We believe that Progress Makers presents a unique and valuable approach to recently emerging challenges in our organizations, communities and world. Traditional approaches to leadership often try to suppress the inherent uncertainty in the world. Progress-making leaders, on the other hand, embrace the uncertainty and inspire others to do so as well.

Traditional approaches to leadership typically fall into one of three categories:

  1. There are authors who focus on the skills and attributes of leaders. Great leaders are intelligent, visionary, inspiring, persistent, knowledgeable, driven, ethical and confident. They are also emotionally intelligent, effective time managers, skilled communicators, strategic thinkers, exceptional problem solvers and socially skilled, to name a few. Who wouldn’t want their leaders to possess all these characteristics? Yet, short of Superman or Wonder Woman, is it even possible for a single person to possess all these skills and attributes?
     

  2. There are authors with a more academic orientation who present scholarly theories. They tend to either review the relevant leadership research or propose a particular leadership theory. Many readers find the academic debates exhilarating and enlightening. Yet, the theoretical debates often leave little room for discourse on strategies and the related tactics. What should the aspiring leader do based on these ideas?
     

  3. There are authors who focus on the leadership “secrets” of successful leaders. An almost dizzying array of titles has emerged. There are the leadership secrets of Jack Welch, Elizabeth I, Winston Churchill, Abraham Lincoln, Hillary Clinton, Mahatma Gandhi, General Patton, Alexander the Great and even Harry Potter.
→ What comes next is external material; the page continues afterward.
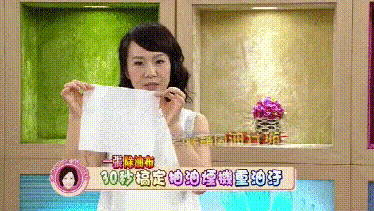 001.gif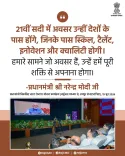 Rajasthan CMO echoes PM Modi on skill and innovation for 21st-century edge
Apparently, many readers find this “admire and emulate” strategy quite attractive. Yet, how does a leader know when a situation requires a Gandhian or Churchillian approach? After all, they deeply disliked and distrusted one another.

 

Troubling questions aside, aspiring leaders could clearly benefit from any one of these three approaches. Many leaders have been enriched by thoughts gleaned from one or more of these approaches.

Progress should be at the center of any discussion of leadership. Aren’t leaders supposed to make progress? Yet relatively few leadership experts devote much attention to the issue.